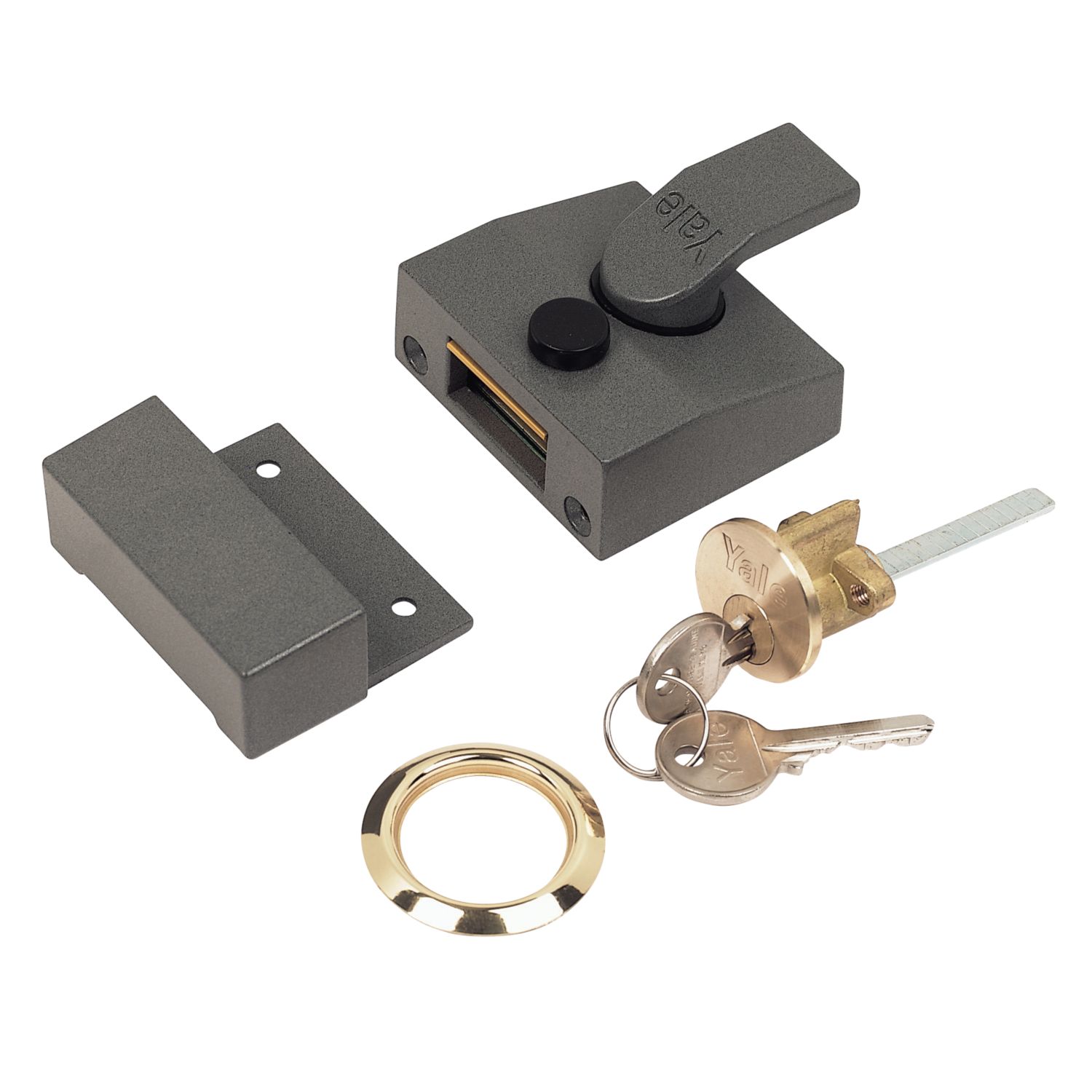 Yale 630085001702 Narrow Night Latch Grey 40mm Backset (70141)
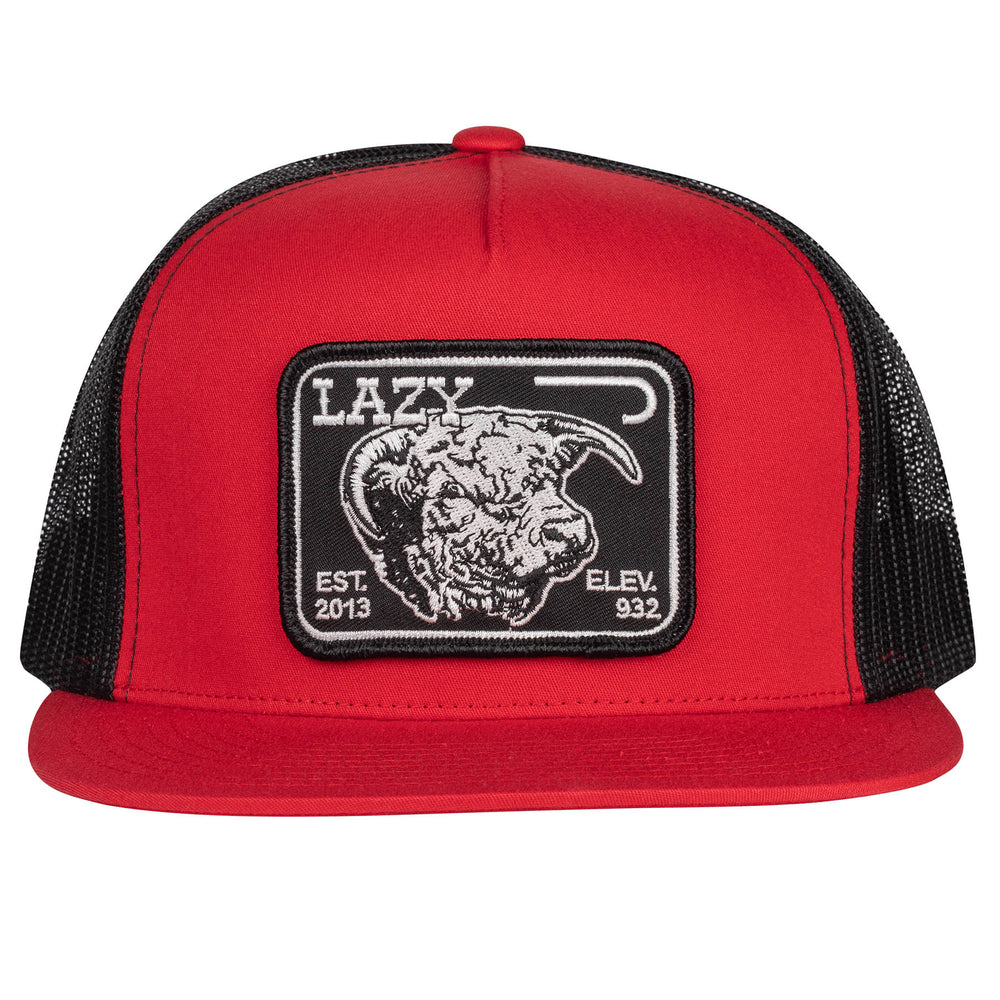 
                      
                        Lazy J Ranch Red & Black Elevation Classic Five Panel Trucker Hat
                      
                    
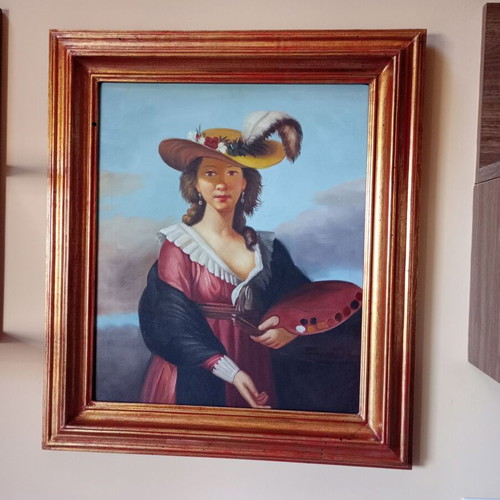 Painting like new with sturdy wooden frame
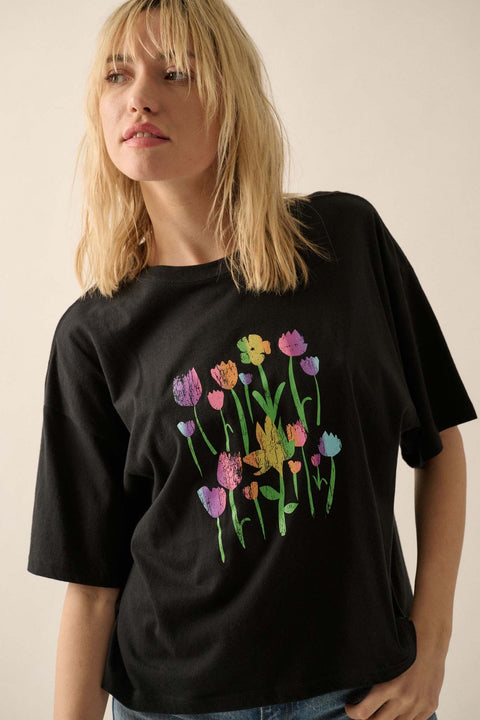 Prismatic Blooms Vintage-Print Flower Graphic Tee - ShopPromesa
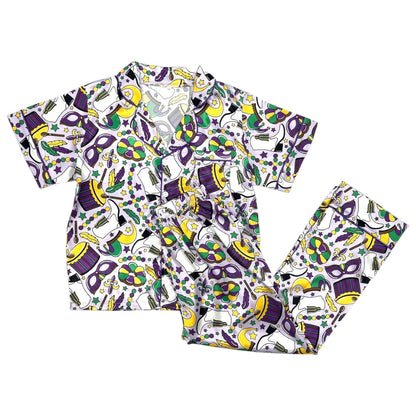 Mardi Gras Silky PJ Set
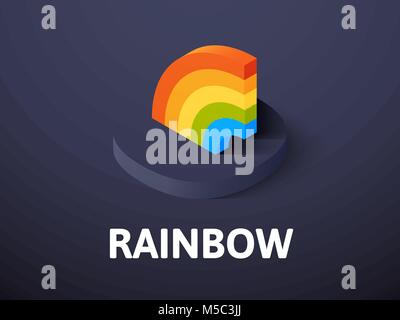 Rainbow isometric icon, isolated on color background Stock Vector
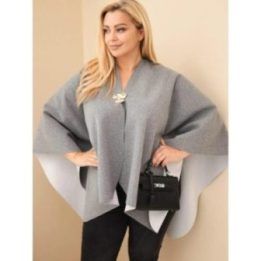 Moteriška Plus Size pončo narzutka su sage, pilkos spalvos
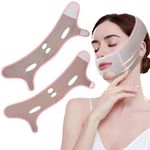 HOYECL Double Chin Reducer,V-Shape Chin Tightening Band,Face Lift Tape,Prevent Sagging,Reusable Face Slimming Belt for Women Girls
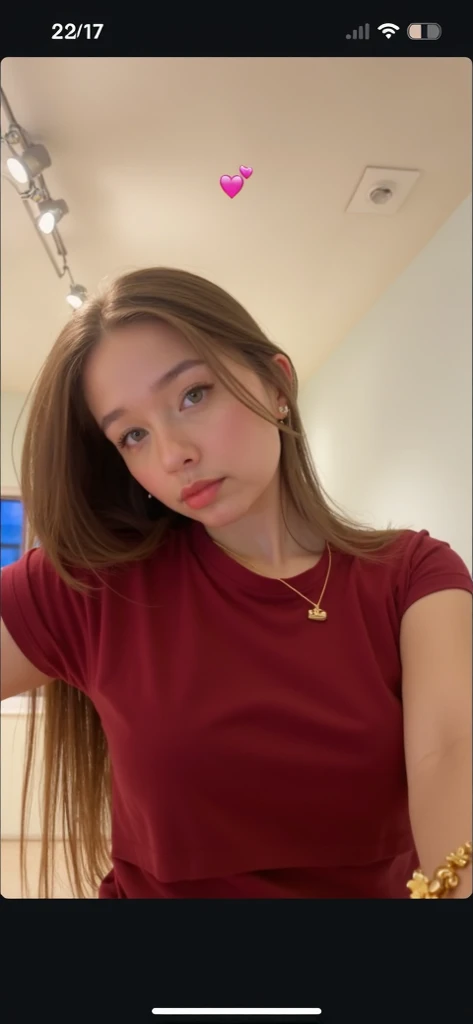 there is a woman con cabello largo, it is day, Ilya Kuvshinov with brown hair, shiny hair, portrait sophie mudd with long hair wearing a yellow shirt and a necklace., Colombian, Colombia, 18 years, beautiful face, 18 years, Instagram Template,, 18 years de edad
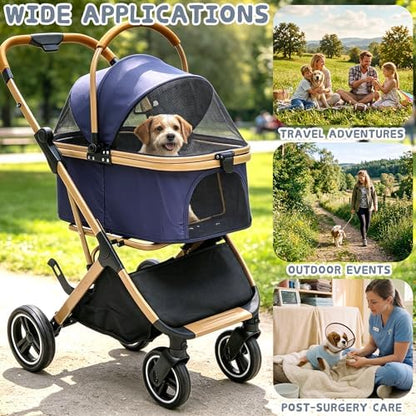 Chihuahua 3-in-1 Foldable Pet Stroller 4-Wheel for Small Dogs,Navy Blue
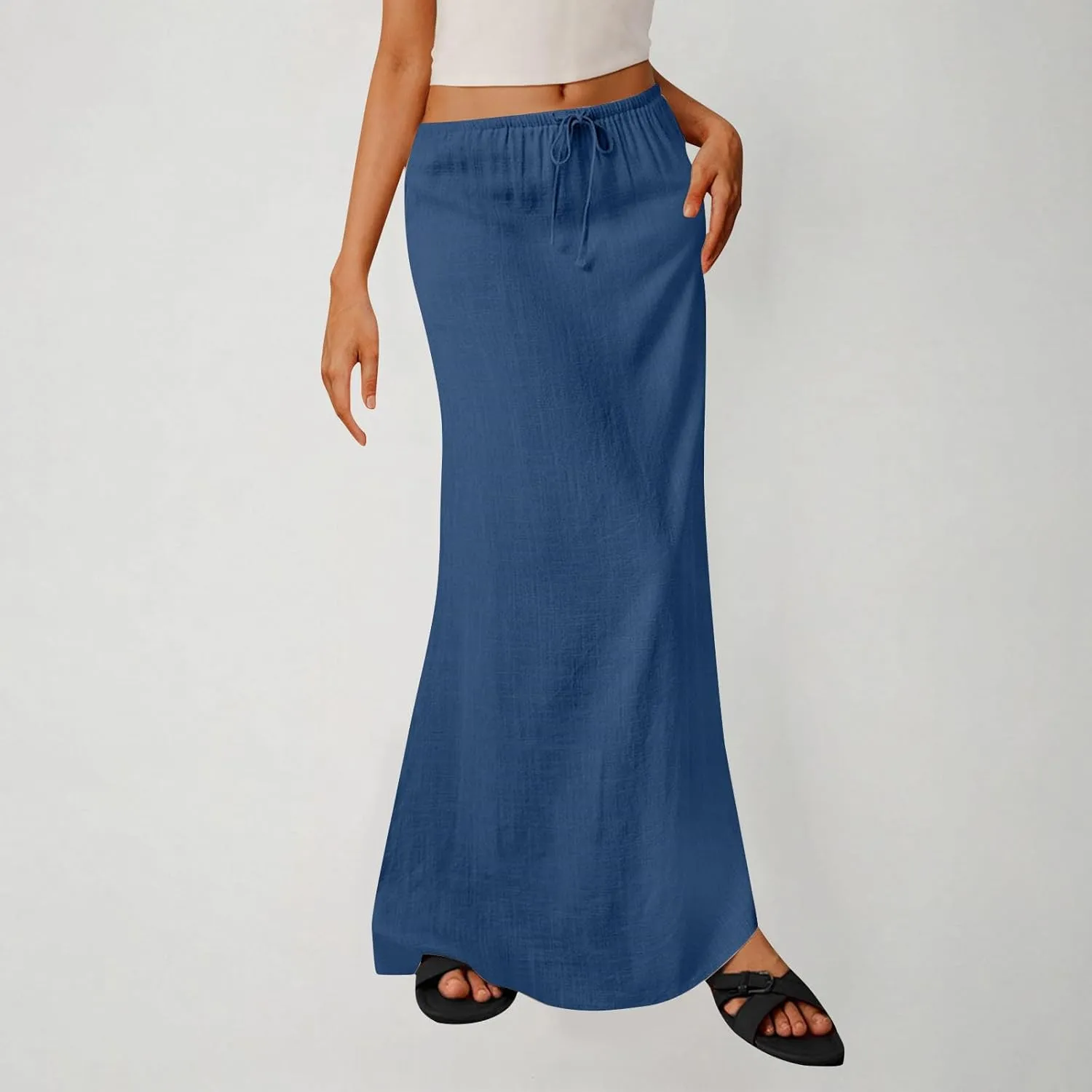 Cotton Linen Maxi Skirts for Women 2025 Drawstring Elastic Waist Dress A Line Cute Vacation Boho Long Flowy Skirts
==================================================
• What is needed:
To complete this exercise, transcribe exactly the lines above from the one that holds "Mardi Gras Silky PJ Set" through the one that holds "HOYECL Double Chin". Pictures stay out.

• Solved exercise:
 Mardi Gras Silky PJ Set
 Rainbow isometric icon, isolated on color background Stock Vector
 Moteriška Plus Size pončo narzutka su sage, pilkos spalvos
 HOYECL Double Chin Reducer,V-Shape Chin Tightening Band,Face Lift Tape,Prevent Sagging,Reusable Face Slimming Belt for Women Girls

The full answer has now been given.